Waiver of written contract by parol proof.] Parol evidence may be introduced to show that an executory contract, which has been reduced to writing, but not under seal, has been discharged, abandoned or waived. But where the agree ment to rescind is established by parol proof only, the evidence must be very clear of the intention to change the written contract. Laner v. Lee, 42 Pa. St., 165; Buel v. Miller, 4 N. H., 196; Goucher v. Martin, 9 Watts, 106; Bottsford v. Buer, 2 John.'s Ch., 405; Buckhouse v. Crosby, 2 Eq. Cas. Ab., 32; Boyce v. McCullock, 3 Watts & Serg., 429; Tolson v. Tolson, 10 Mo., 736; Bowser v. Cravener, 56 Pa. St., 132.
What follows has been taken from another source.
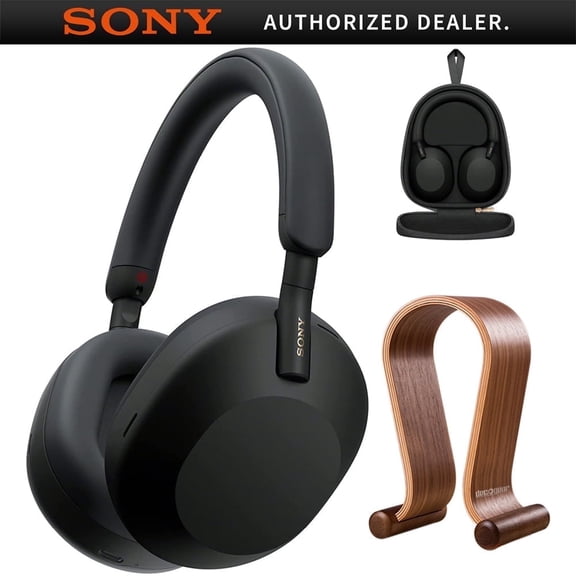Pre-Owned Sony WH-1000XM5 Wireless Industry Leading Noise Canceling Headphones, Black Bundle with Deco Gear Wood Headphone Display Stand and Protective Travel Carry Case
Mistake in award; correction.] Where there is clearly a mistake in an award, a court of equity will correct it. Kerr on Fraud and Mis., 446, 448; Bunpass v. Webb, 4 Porter, 65: Wheatly v. Wartin, 6 Leigh., 62; Ryan v. Blunt, 1 Dev. Eq., 382; Pleasant v. Ross, 1 Wash. (Va.), 156. An error in judgment on the merits will not be corrected however. Head v. Muir, 3 Rand, 122; Van Courtland v. Underhill, 17 John., 405; Cromwell v. Owings, 6 Har. & John., 10; Radcliffe v. Wightman, 1 McCord's Ch., 408; Rudd v. Jones, 4 Dana, 229; Hurst v. Hurst, 2 Wash. C. C., 127; Burchell v. Marsh, 17 How., 344; Boston Water Power Co. v. Gray, 6 Met., 131.

Settlement of controversies; mistake as to the law.] Where a compromise is entered into to avoid or terminate a litigation, both parties having the same means of knowledge, and there is neither fraud, misrepresentation or undue influence practiced-held, that a mistake as to the law is no reason for setting aside such compromise. The rule is the same where, in fact, only one of the parties has a valid claim, if the parties themselves considered it doubtful. Gordon v. Gordon, 3 Swanst., 463; Lawton v. Campion, 18 Beav., 87; Stewart v. Stewart, 6 Cl. & Fin., 969; Brooke v. Lord Morton, 2 De G. J. & S, 373; Stapleton v. Stapleton, 1 Atk., 2; Luck, ex parte, 4 De G. M. & G., 356; Wheeler v. Smith, 9 How., 55. But the rule is reversed in a case where a party, having no knowledge of a well-settled principle of law, is imposed upon, and made to surrender his property under the pretense that a compromise will be affected. Naylor v. Winch, 1 Sim. & Ster., 555; Jones v. Munroe, 32 Ga.,

181.

Mistake which has reference to both the law and the facts.] In such a case, equity will afford relief, as it forms an exception to the rule. A party reposing confidence in his counsel gave his note for more than he was legally bound to pay; this was done through a mistake of the counsel. Held, that equity would relieve him. Fitzgerald v. Peck, 4 Litt., 125; Gross v. Leber, 47 Pa. St., 520. Mistake as to matters of fact.] In such case, party complaining must not be in fault, and must be reasonably diligent. Leake on Contracts, 182; Jenks v. Fritz, 7 Watts & Serg., 201; Ketchum v. Catlin, 21 Vt., 191; Duke of Beaufort v. Neeld, 12 Cl. & Fin., 248, 286; Merchants' B'k v. McIntyre, 2 Sandf., 431; Wild v. Hillis, 18 L. J. Ch., 170; Jouzin v. Foulmin, 9 Ala., 662; Warner v. Daniels, 1 Woodb. & Minot, 90; Western R. R. Co. v. Babcock, 6 Metc., 346; Copehart v. Moon, 3 Jones' Eq., 178; Lenty v. Hillas, 2 De G. & J., 110; Laub v. Harris, 8 Ga., 546; Daniel v. Mitchell, 1 Story, 172; Ferson v. Sanger, 1 Woodb. & Minot, 138; Hill v. Bush, 19 Ark., 522; Dimon v. Providence R. R. Co., 5 R. I., 130; Taylor v. Fleet, 4 Barb., 95; Penny v. Martin, 4 John.'s Ch., 566; Kite v. Lunpkin, 40 Ga., 506; Custard v. Custard, 75 Tex., 49; Wood v. Patterson, 4 Md.'s Ch., 335; Peterson v. Grover, 20 Me., 363; Upham v. Hamill, 11 R. I., 565.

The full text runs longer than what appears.